**Saved data entries:**
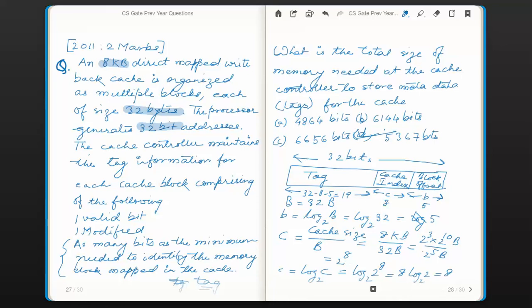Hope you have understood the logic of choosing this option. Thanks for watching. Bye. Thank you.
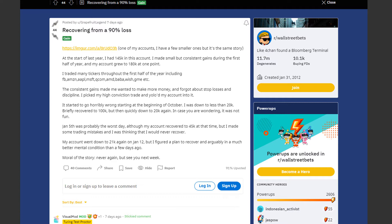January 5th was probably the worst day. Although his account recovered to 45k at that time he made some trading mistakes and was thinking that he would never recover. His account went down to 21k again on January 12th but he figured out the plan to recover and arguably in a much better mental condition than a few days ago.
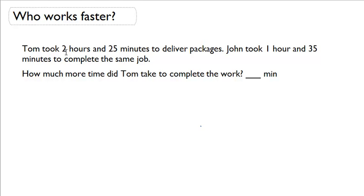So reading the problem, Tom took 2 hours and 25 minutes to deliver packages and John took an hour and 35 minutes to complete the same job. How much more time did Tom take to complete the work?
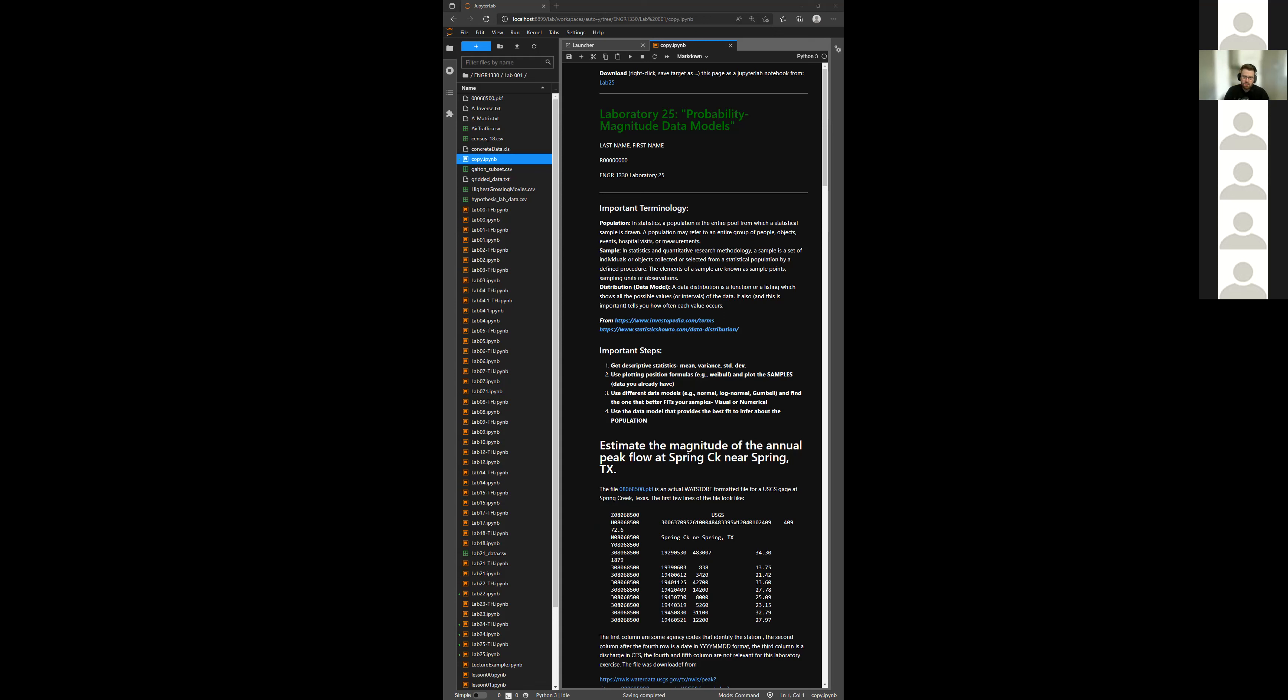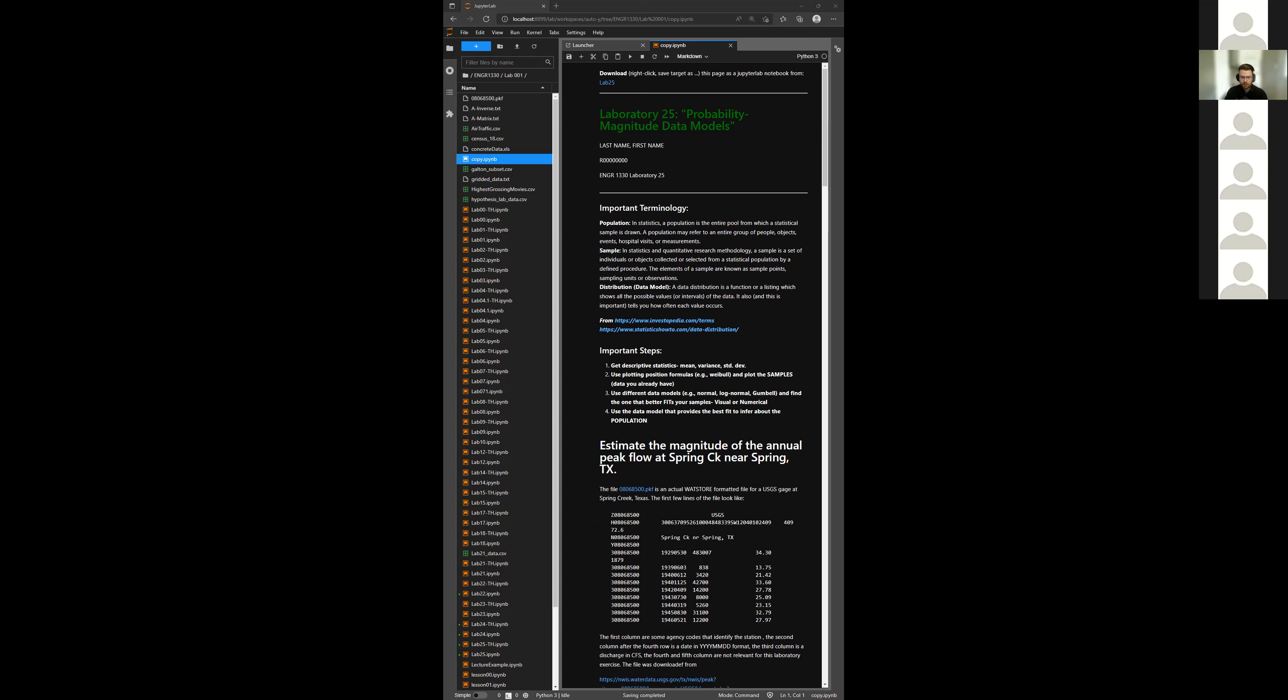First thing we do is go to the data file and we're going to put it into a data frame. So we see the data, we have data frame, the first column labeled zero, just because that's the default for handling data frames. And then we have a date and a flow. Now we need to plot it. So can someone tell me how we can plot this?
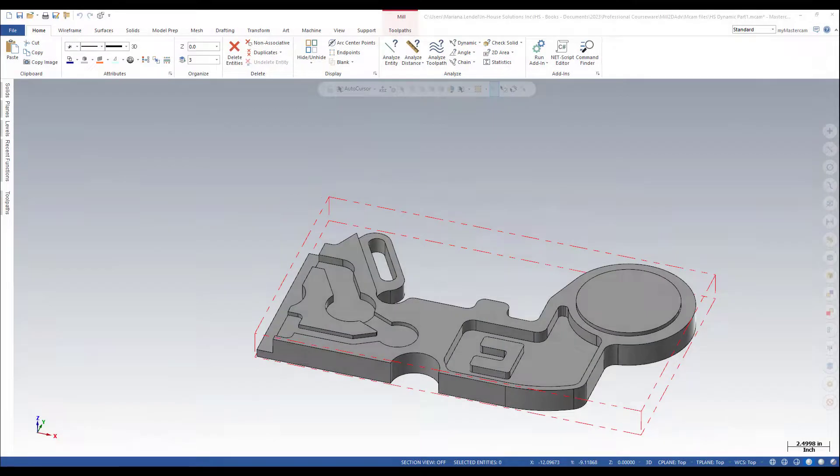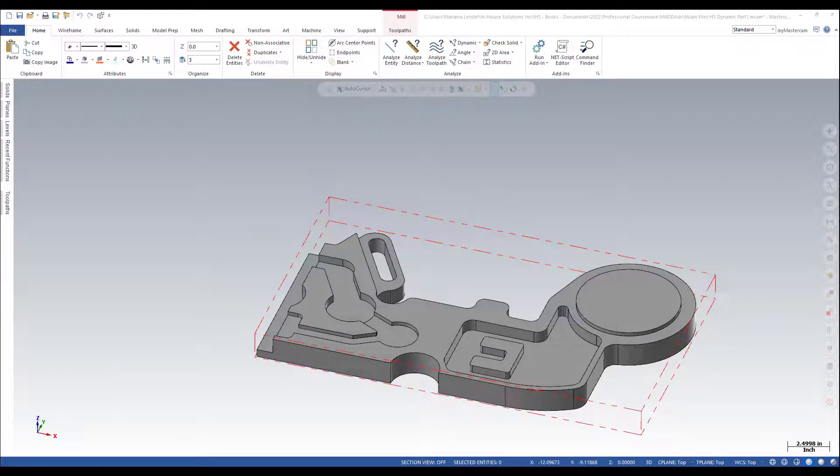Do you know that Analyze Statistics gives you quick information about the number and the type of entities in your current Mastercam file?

* * *

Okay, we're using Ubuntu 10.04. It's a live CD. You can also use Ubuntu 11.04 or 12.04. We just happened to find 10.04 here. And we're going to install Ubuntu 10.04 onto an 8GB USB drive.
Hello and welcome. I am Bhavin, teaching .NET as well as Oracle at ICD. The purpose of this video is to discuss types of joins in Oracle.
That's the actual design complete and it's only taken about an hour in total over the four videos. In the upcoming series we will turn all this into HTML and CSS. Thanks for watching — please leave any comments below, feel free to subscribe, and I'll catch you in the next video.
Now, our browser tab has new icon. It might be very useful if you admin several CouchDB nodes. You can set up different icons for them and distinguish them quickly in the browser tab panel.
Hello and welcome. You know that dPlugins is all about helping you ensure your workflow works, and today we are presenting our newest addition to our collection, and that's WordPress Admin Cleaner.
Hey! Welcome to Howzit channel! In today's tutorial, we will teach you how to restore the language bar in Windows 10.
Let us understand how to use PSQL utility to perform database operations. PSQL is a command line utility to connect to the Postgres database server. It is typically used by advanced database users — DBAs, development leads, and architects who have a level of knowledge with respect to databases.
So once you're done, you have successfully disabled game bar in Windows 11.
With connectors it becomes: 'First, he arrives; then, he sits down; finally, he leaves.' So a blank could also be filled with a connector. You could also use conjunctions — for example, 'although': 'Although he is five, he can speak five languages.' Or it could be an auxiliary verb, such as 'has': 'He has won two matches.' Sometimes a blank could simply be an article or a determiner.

**Assignment:** Lines with "Windows" in them are what the answer must contain; copy each from the records above.

**Result:**
Hey! Welcome to Howzit channel! In today's tutorial, we will teach you how to restore the language bar in Windows 10.
So once you're done, you have successfully disabled game bar in Windows 11.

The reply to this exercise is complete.